韓春秋也不推辭,跨前兩步走到最前,高聲說道:“此次甲子大會,不同以往。本王宣佈,此次武鬥規則……”
長長一大段規則,大意就是:這次採用挑戰賽。誰認爲自己行,誰就自己站到演武臺上去,接受別人的挑戰,勝者留下,敗者淘汰。每輪只挑戰一次,一輪接一輪,直到最後。所有比鬥,今天全部比完。演武臺上,生死自負。

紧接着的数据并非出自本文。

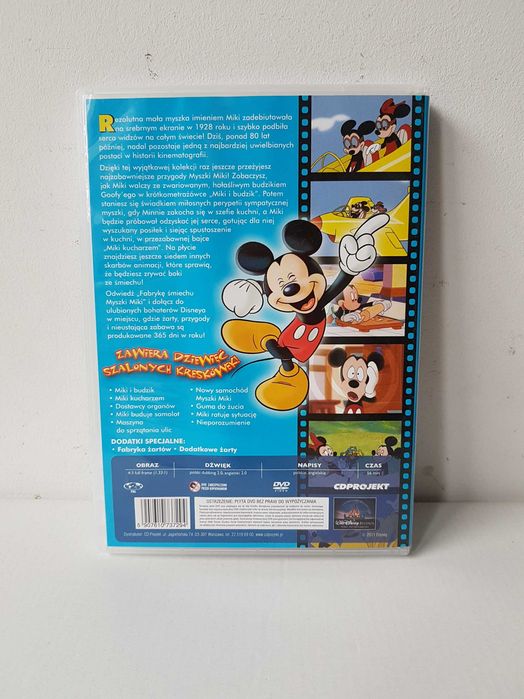 Płyta DVD bajka Disney Fabryka śmiechu Myszki Miki Mickey x9 kreskówek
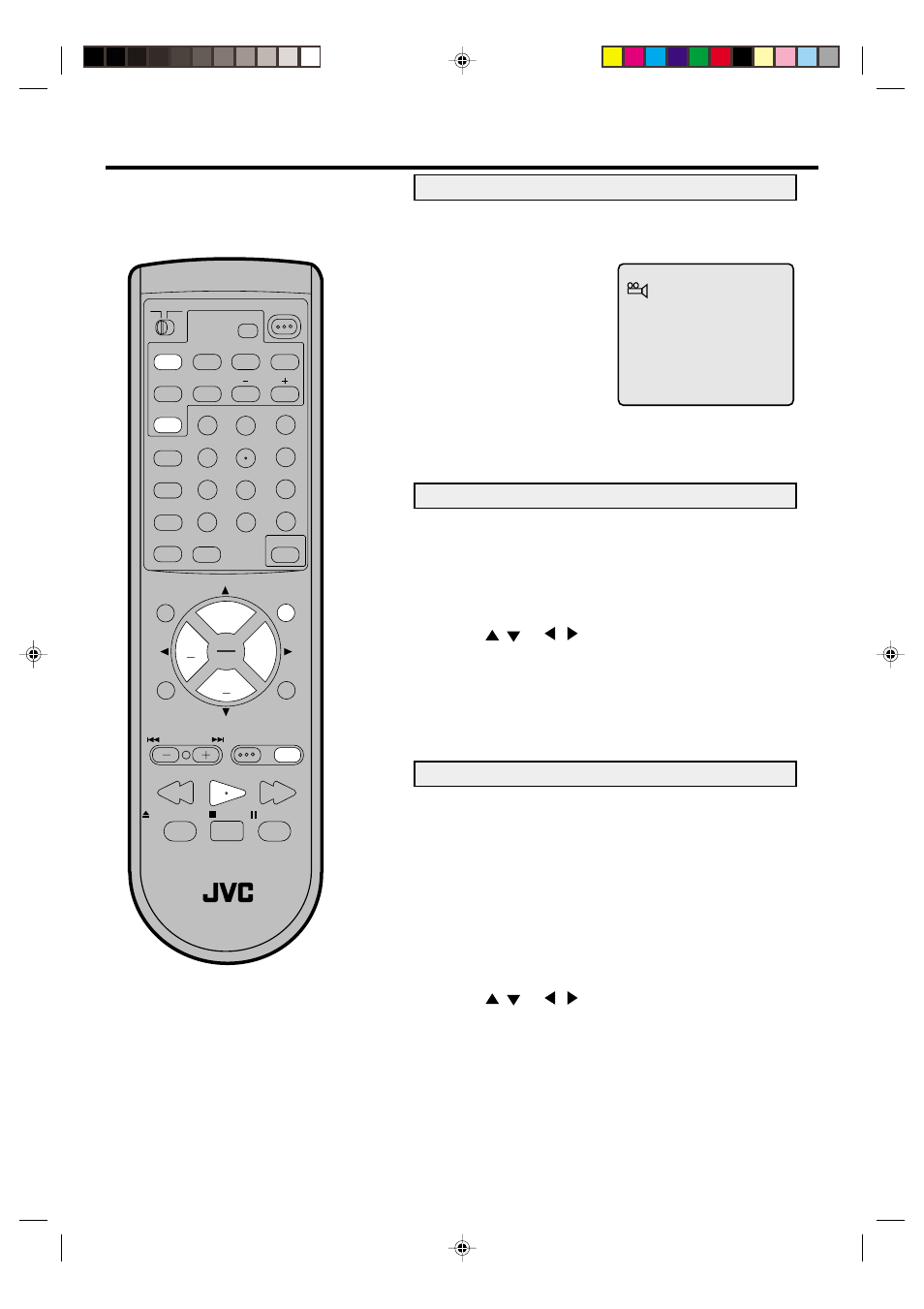 Changing angles / title selection / dvd menu | JVC AV-20FD22 User Manual | Page 34 / 52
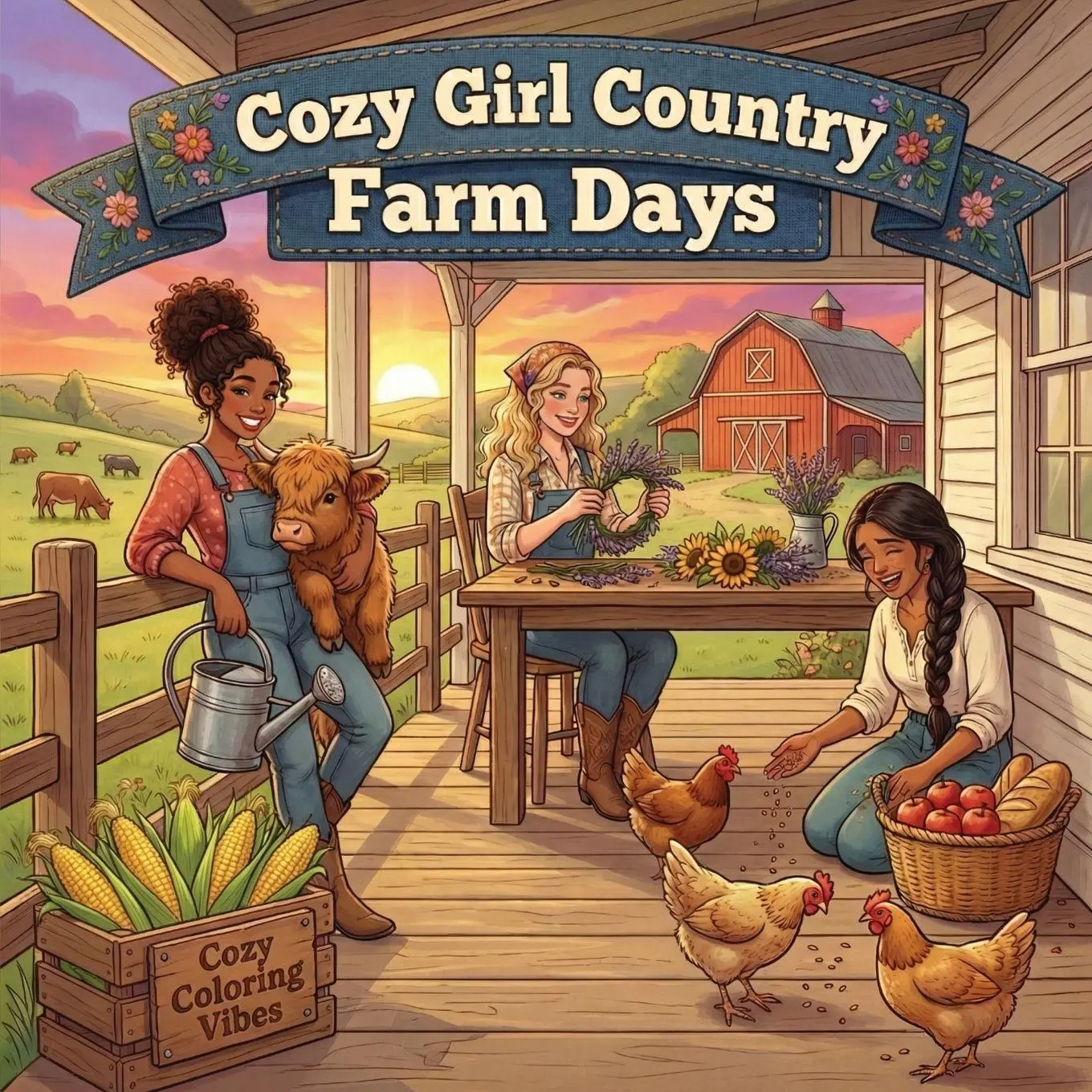 Cover: 9781965964729 | Cozy Girl Country Farm Days | Cozy Coloring Vibes | Taschenbuch | 2026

韓春秋威風凜凜,擺足了侯王的架子,眉飛色舞地介紹完後,如電的目光再次掃視了一遍全場,然後才說:“本王宣佈,大會開始!”
長寬十丈的演武臺上,一時間寂靜無人。半盞茶時間過後,一個虎背熊腰,高大威武的青年一步步走到臺中,掃了眼臺下,一字一頓,鏗鏘有力,朗聲說道:“凌霄宮,五行門,元陽府,紫,玉,上官,你們誰先來?”
高大青年將衆人心頭六座大山一樣的勢力逐一點名,語氣說不出的霸氣,隨着他的說的每一個字,每個人的心中都跳上一跳,每次跳動,血液的流動就增快一分,到得最後,所有人都只覺得熱血澎湃,豪情萬丈。
霎時間,觀衆席上的所有武修都忍不住大聲歡呼助威,剛剛還屏氣靜聲的大會場瞬間就像煮沸了的開水,滾滾沸騰。
不只是這些觀衆,連主臺上的四個老者在此人一出口時便一齊眼波一變,然後驚羨地看了看一旁的燕南天。
“獨我氣!好霸道豪情的獨我氣!虎父無犬子!”頭髮斑白,臉容清矍的齊王大讚出口,“令子天資縱橫,又將成新一代之領軍人物啊!”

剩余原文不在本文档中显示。